* EXERCISE OBJECTIVE
Go through the entries one line at a time, and gather every line that has the word "with".
--- LISTED ENTRIES Enclosed Below ---
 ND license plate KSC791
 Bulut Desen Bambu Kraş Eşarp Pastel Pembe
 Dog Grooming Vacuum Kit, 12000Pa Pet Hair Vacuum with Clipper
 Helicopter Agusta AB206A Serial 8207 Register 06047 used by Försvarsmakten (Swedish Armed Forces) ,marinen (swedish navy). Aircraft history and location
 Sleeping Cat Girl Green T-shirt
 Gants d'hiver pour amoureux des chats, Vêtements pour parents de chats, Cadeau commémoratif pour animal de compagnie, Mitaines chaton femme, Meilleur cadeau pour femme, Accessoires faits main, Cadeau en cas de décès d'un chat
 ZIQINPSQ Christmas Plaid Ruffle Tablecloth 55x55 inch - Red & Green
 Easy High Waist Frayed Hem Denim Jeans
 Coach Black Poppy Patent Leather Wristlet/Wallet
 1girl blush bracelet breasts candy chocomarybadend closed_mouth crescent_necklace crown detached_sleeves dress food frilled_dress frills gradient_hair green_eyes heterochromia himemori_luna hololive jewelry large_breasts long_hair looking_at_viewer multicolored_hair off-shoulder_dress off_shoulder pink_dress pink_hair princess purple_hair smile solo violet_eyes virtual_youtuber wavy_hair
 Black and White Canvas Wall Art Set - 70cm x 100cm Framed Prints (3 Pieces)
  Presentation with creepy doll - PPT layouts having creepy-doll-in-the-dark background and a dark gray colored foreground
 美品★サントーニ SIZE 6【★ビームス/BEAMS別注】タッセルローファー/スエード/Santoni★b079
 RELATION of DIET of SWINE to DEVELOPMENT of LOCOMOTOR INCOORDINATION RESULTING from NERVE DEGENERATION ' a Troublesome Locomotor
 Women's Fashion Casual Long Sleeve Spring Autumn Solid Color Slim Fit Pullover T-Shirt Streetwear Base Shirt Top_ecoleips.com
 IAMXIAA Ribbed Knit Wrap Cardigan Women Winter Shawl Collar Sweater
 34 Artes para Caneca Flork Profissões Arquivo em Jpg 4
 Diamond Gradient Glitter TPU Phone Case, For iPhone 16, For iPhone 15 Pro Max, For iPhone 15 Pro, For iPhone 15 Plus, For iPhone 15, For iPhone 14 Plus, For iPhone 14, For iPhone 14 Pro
--- End of Enclosed LISTED ENTRIES ---
* RESPONSE FOR THIS EXERCISE
 Dog Grooming Vacuum Kit, 12000Pa Pet Hair Vacuum with Clipper
  Presentation with creepy doll - PPT layouts having creepy-doll-in-the-dark background and a dark gray colored foreground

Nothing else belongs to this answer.